The sector was up 11% with Exxon closing at its all-time high. Like it or not, the world runs on fossil fuels and there is no substitute of such a magnitude.
I have always been over-weight energy. Investing in energy stocks is much like investing in gold except with energy stocks, an investor can analyze financial statements, review the work of management, understand the supply and demand for the product and receive a quarterly dividend.
With gold, you get William Shatner (Denny Crane) telling you gold will double in the next 12 months or maybe it is 12 years or with him, it might be “whenever”.
Gold is a speculation that responds to crises. Energy stocks work well for you when there is no crisis.
Earlier in the year, I invested in several “deep value” stocks with 5% dividend yields in anticipation of the recession that has been forecast for three years now.
We often call deep value stocks, “cheap stocks”. As sometimes happens, cheap stocks get cheaper. As a “total return” manager (managing for income and appreciation) I cannot stand to see cheap stocks get cheaper.
A couple of those cheap stocks are now in someone else’s bargain basement portfolio and we own better companies with 3%+ dividend yields.
Using the last two years as a guide, the conservative Dow is down 2.4% and the broader S & P 500 is down 3.8%. Over that same period, our portfolios are in positive territory.
The Fed still controls the markets. As the Fed goes, so go bond yields and stock values.
Chairman Powell has said there might be another ¼ point increase this year and he anticipates a few more increases next year.
According to recent releases on consumer spending and credit card debt, the public is oblivious to higher rates and a possible slowing economy leading to layoffs.
Strikes at UAW and Kaiser Permanente indicate total ignorance of layoffs. However, home purchase applications have tumbled as mortgage rates approach 8%.
In a similar situation in the 1979-1981 period, when the Fed was raising rates to squelch inflation, mortgage rates approached 20%. Let’s hope we don’t get there.
This week, in another bow to unproven climate change the Leader of the Free World declared war on swimming pool heaters.

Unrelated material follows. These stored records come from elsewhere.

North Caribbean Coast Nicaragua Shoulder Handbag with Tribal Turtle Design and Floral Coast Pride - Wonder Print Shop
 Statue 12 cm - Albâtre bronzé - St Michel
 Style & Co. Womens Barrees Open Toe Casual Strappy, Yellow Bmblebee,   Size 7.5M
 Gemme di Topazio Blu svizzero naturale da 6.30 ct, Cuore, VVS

Almost all swimming pools are heated by the least expensive fossil fuel, natural gas.
How many swimming pools are there in the U.S.? How many swimming pools in the U.S. have heaters? How many hours are swimming pool heaters used in a year?
This is the president of a country with a population of 330 million people, a GDP of approximately $25 trillion and who is the Commander of the strongest military in the world valued at $2.0 trillion+.
We’re bleeding TAXPAYER money in support of Ukraine and he has declared war on swimming pools.